Continuous Availability Overview

Introduction

HA (High Availability) is a generic term used to describe a computer system which has been architected to deliver higher levels of operational performance through enhanced uptime and throughput than would be expected from a traditional single server node.

With Continuous Availability, TigerGraph goes beyond the standard scope and definition of High Availability by providing the following functionality:

  • Fault tolerance against loss of database server(s)

    • Automated recovery of services in case of intra-cluster failure

  • Full native HA support for user-facing applications - Seamless automatic client reconnection to standby GSQL server and GraphStudio servers

  • Failover to remote cluster during disaster recovery

  • Improve RoI with additional replicas

    • Enhanced query throughput performance

    • Increased concurrency for operational workloads

In short, TigerGraph Continuous Availability not only provides the ability to keep a business application running without any noticeable downtime, but also delivers a higher return on investment.

Architecture Design

TigerGraph’s architecture design relies on active-active replication to keep multiple data copies in sync. This is transparent to the user. The underlying principles of uniform distribution of data are automatically applied no matter how many replicas are stored. Additionally, the placement of replicas is infrastructure-aware to tolerate hardware failures. Continuous availability is a production configuration that customers can pick at cluster installation time. Customers have flexibility to place replicas in specific availability zones or data centers based on their infrastructure requirements.

TigerGraph Continuous Availability design provides the following

  • Throughput: Each replica is always up-to-date and handles its share of read requests. This provides higher query concurrency and throughput.

  • If a server goes offline for planned or unplanned reasons, TigerGraph’s HA design with Automatic Failover will reroute work to the replica nodes of that server, maintaining continuous operation.

  • Higher levels of replication provide more throughput and resilience.

Continuous Availability - Definitions

TigerGraph is based on an MPP architecture. All services are distributed uniformly across the cluster. This requires data to be distributed across the cluster. There are two key concepts in the cluster design:

  • Replication Factor: Replication factor is a characteristic of the cluster design that determines the number of copies of data that will be stored in the cluster. This is configurable at the time of installation.
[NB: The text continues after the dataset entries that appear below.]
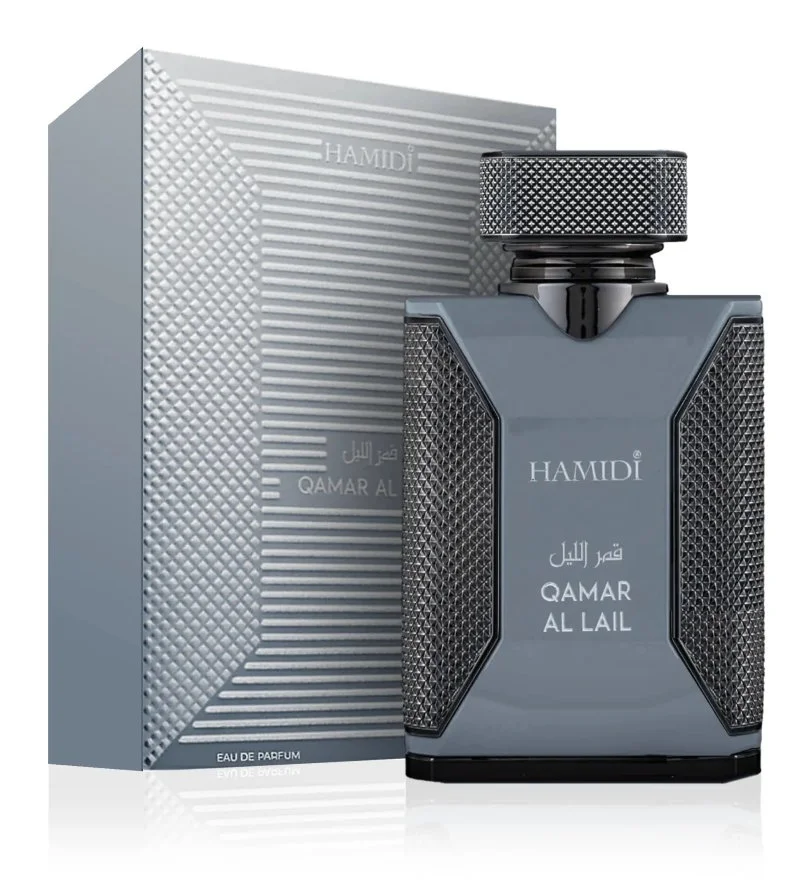 Qamar Al Lail Eau de Parfum for Men 100 ml
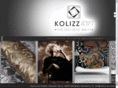kolizz-art.nl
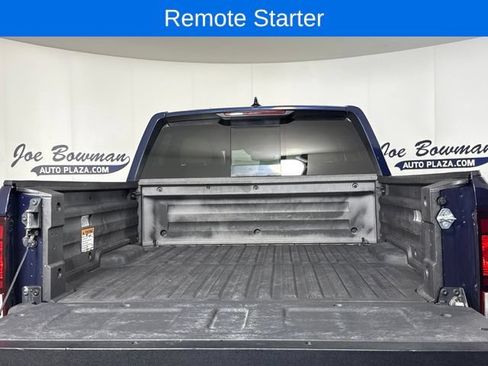 Used 2023 Honda Ridgeline RTL image 9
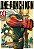 One Punch Man - Vol. 01 - Panini - Lacrado - Imagem 1
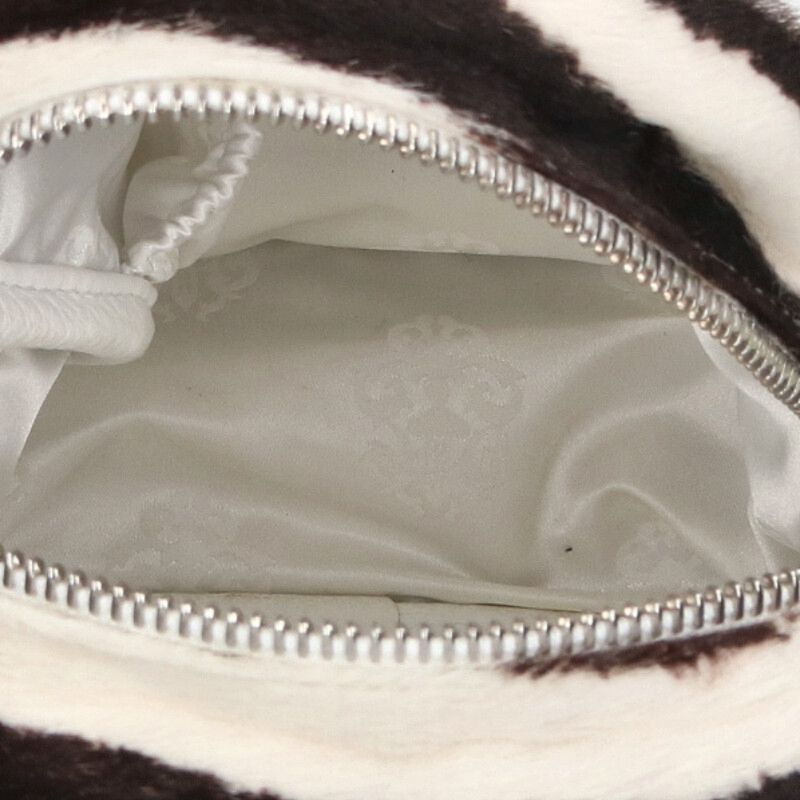 Cemetery Cloth Multi-Patch Denim Shoulder Bag TAKA MINI Bags Luggage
  • Partitioning Factor: Partitioning factor is an internal TigerGraph characteristic of a TigerGraph cluster that determines how the data in the database will be distributed. Based on the nodes of the cluster size, TigerGraph will automatically pick a partitioning factor, taking into account the replication factor.

Diagram showing the mathematical relationship between the partitioning and replication factors in a TigerGraph cluster

In short, a TigerGraph cluster can be seen as a combination of data spread across P partitions with multiple copies equal to the number of R replicas.

Some key cluster design considerations:

  • Any cluster size is allowed, except 1x2

  • Minimum number of servers needed for continuous availability is 3 servers - This is due to Zookeeper quorum dependency.

Continuous Availability - Data Operations

TigerGraph services are based on distributed leaderless architecture - all replicas are equal and can service both read and write requests. This is a key differentiation that ensures that no single node can be Single Point of Failure.

  • Write Operations: In order to keep all replicas in sync for full consistency of all data sets, all write operations are sent to all replicas synchronously by default. A write operation is considered complete only if all the replicas acknowledge that the writes are successful.

  • Read Operations: As all replicas are guaranteed to be in sync for all write operations, Read requests can be sent to any replica with no need to verify the data consistency with other replica copies. This optimizes the read performance for read-heavy analytical queries.

Example:

In the following example, the data sets in the cluster are spread across 5 partitions with 2 replicas of data sets i.e. Partitioning Factor of 5 and Replication Factor of 2.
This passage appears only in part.